The large ice sculptures around us gave an overarching impression of grace and majesty, like silent statues of dancers. This did not in any way imbue into our untutored hands, however. Hands, I may add, encased in soaking wet leather gloves. Our technique was, frankly, nonexistent to begin with, which is why it is so surprising that it managed to slide downhill so rapidly as our hands became masses of fingercicles.
We were given small blocks that had been cut in the rough outlines of polar bears. We were supposed to guide and shape these into small, serene statues exquisite in their polar bear-osity. However, there weren’t enough blocks of ice for everyone to get a fresh piece each time, so ours had already been carved by a previous group.

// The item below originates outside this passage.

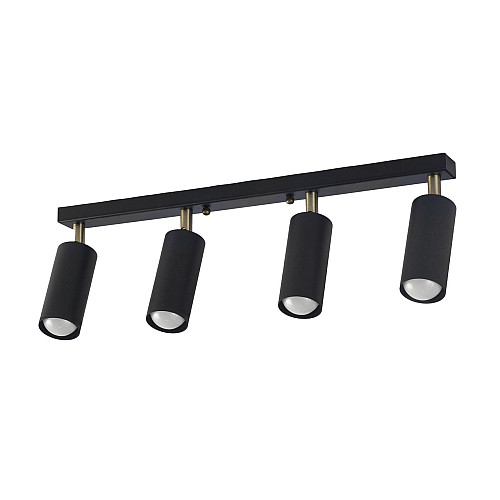 Светильник потолочный MSK Electric Tube спот с поворотным механизмом NL 1105-4 BK
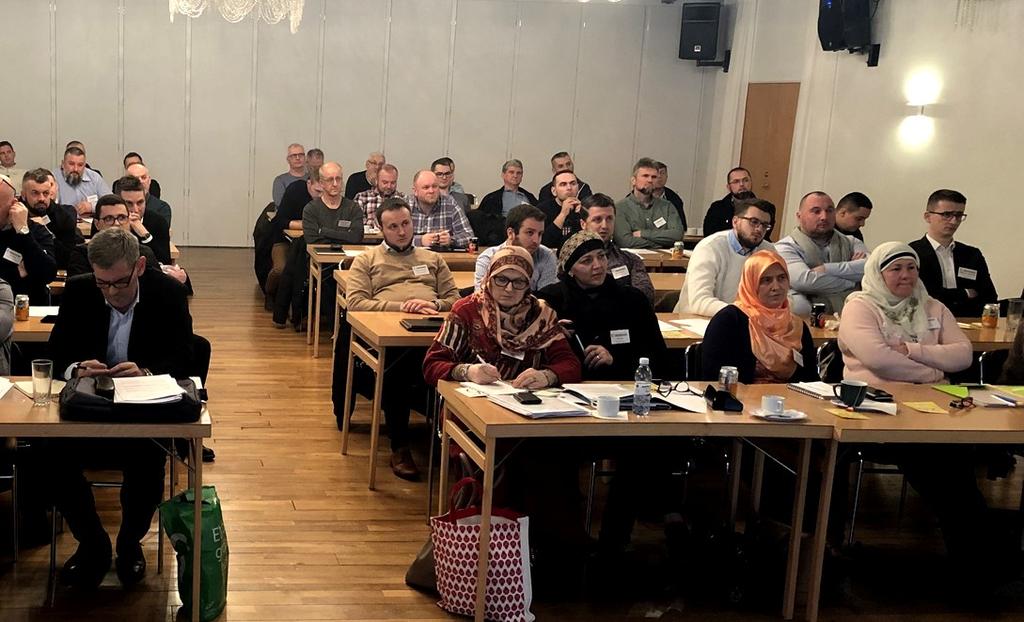 AKTIVNOSTI IZ ZAJEDNICE Održana Skupština Islamske zajednice Bošnjaka u Švedskoj U skladu sa predloženim dnevnim redom, prvo su podneseni i, nakon diskusije, usvojeni: izvještaji o radu i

For reasons that remain purely speculative, the previous ice carvers had chiseled a massive groove right in the center of our polar bear’s head. We thought maybe they were trying to make the ears, but all they’d succeeded in doing was making the head concave instead of convex. If you are familiar with the basic shape of a polar bear, you will know that their noses usually protrude instead of receding.
There was only one thing for it, and that was to carve the two misshapen lumps on the front of its body into two separate heads. We frantically chipped away, our limited time at the ice counting down far too rapidly while our fingers became stiff and red with cold.
In the end, we had our two-headed polar bear. An extremely lumpy and largely notional polar bear, it must be said, but in my head it was as majestic as Nanook the Polar Bear God. His two-headed time on this mortal globe was brief, but he left us with an everlasting sense of his cold glory. We reflected upon this. And then we went to the mall for a cup of coffee.